What will impact on domestic energy costs?

10 Mar 2010Archived News Energetics in the News

PUBLISHED: Business Spectator by Keith Orchison; Grant Raja, Client Services Manager, Energetics Pty Ltd, is quoted on factors that will impact on domestic energy costs and gives advice on ways in which businesses can reduce their exposure to rising prices.

Large corporate consumers of electricity are in a rising state of anxiety over the outlook for their power bills, but they also have opportunities to do more to lower the pressure.

Grant Raja, client services manager at Energetics, a management consultancy focused on energy efficiency and carbon abatement strategies, is adding to business people’s concerns this week while also pointing to ways they can reduce their firms’ exposure to rising prices.

Raja recites a catalogue of factors that will impact on domestic energy costs. They include the now well-known flow-through to consumers of network charges as a result of the massive capital outlays approved by regulators – with the wires costs making up almost 50 per cent of their final bill.

He also warns that volatility in the wholesale price of electricity – what the generators get from the market for their product – and of natural gas is increasing risk and costs for energy retailers and they are passing this on to end-users through higher margins. “The problem,” says Raja, “can only worsen as the market participants amalgamate and retail competition declines.”

The Rudd government’s RET and a plethora of State-based renewable schemes, he claims, is now adding about 10 per cent to the delivered cost of electricity.

While the government’s ETS is blocked in the Senate, Raja says carbon pricing is seeping in to large users’ long-term contracts. Businesses signing agreements to buy power beyond 2012 are having to accept estimated costs for carbon and a pass-through clause. He thinks this reflects energy industry belief that there will be a carbon price of more than $20 per tonne beyond 2012.

While the gas industry would dispute it, Raja also foresees higher costs emerging domestically as more gas-fuelled generation is built and east coast LNG developments from coal seam methane are pursued. Australia, he argues, is going to be exposed increasingly to international gas price dynamics, which in turn are being influenced by tighter long-term global availability of oil.

He claims that there is already curtailment of the availability of gas for New South Wales business customers at peak times and this is impacting on prices.

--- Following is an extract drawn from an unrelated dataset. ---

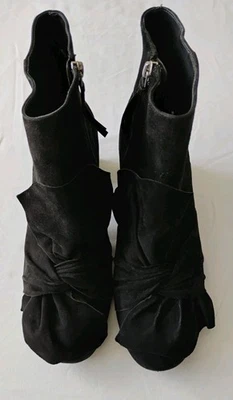 Botines de gamuza negros Rebecca Minkoff talla 9 1/2 para mujer botas de cuero GC preciosos Foto 1 de 4
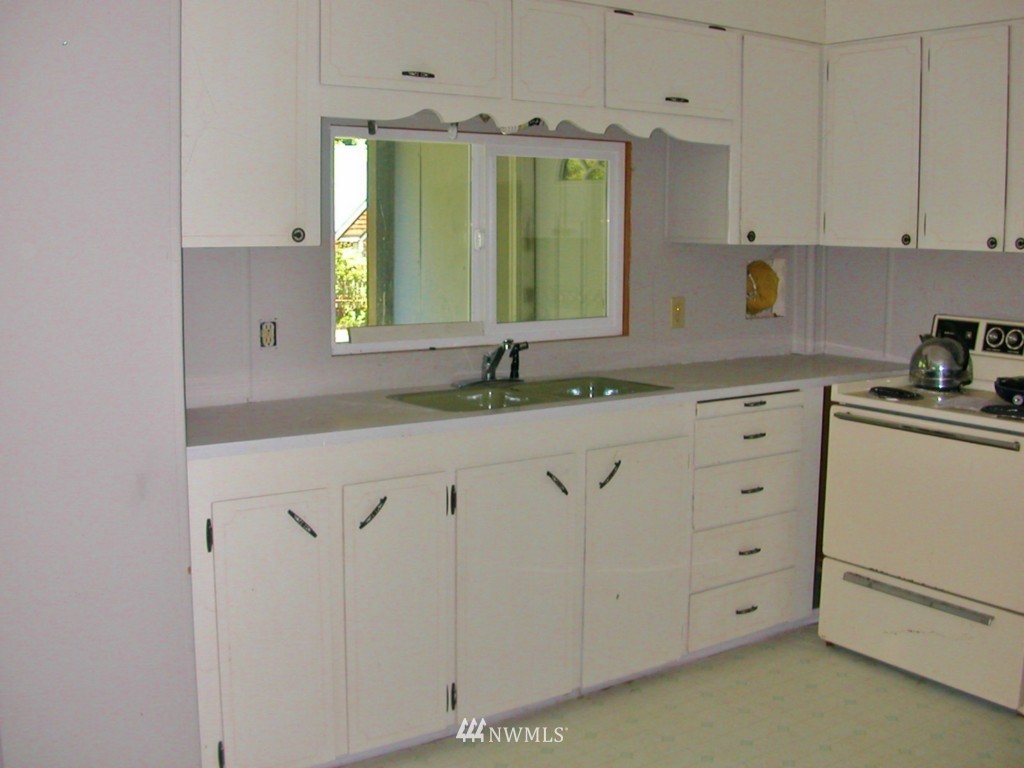 631 Rhododendron Lane Brinnon, WA 98320 - Photo 11 of 21 Gallery Image 11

In the face of these developments, he says, businesses must change the ways they procure and manage the use of energy. This includes “pro-active” contract management – in other words, don’t leave cutting deals until the last minute – and getting tougher about negotiating pass-through clauses on carbon and other environmental costs. Boards and senior executives need to show strong leadership on the issue.

Energetics is pushing corporate clients to look more closely at the benefits of embracing combined heat and power technology both as a long-term cost saver and to contribute to greenhouse gas abatement.

A “trigeneration” system, it says, adding an absorption chiller to a conventional cogeneration plant, could provide large commercial customers with an estimated annual average energy saving of $250,000 over two decades. Installing 640 trigeneration plants across Australia would enable annual abatement of a million tonnes of carbon dioxide and gross savings of $160 million a year.

There is capacity in Canberra alone, Energetics claims, to install 40 such plants to deal with hot summers and cold winters.

Taking early action on energy efficiency measures, it argues, will enable large businesses to reduce their exposure to volatile energy markets this decade and to the price shocks that lie ahead.

Many Australian businesses, it says, can cut their energy bills by about 20 percent with the right investments.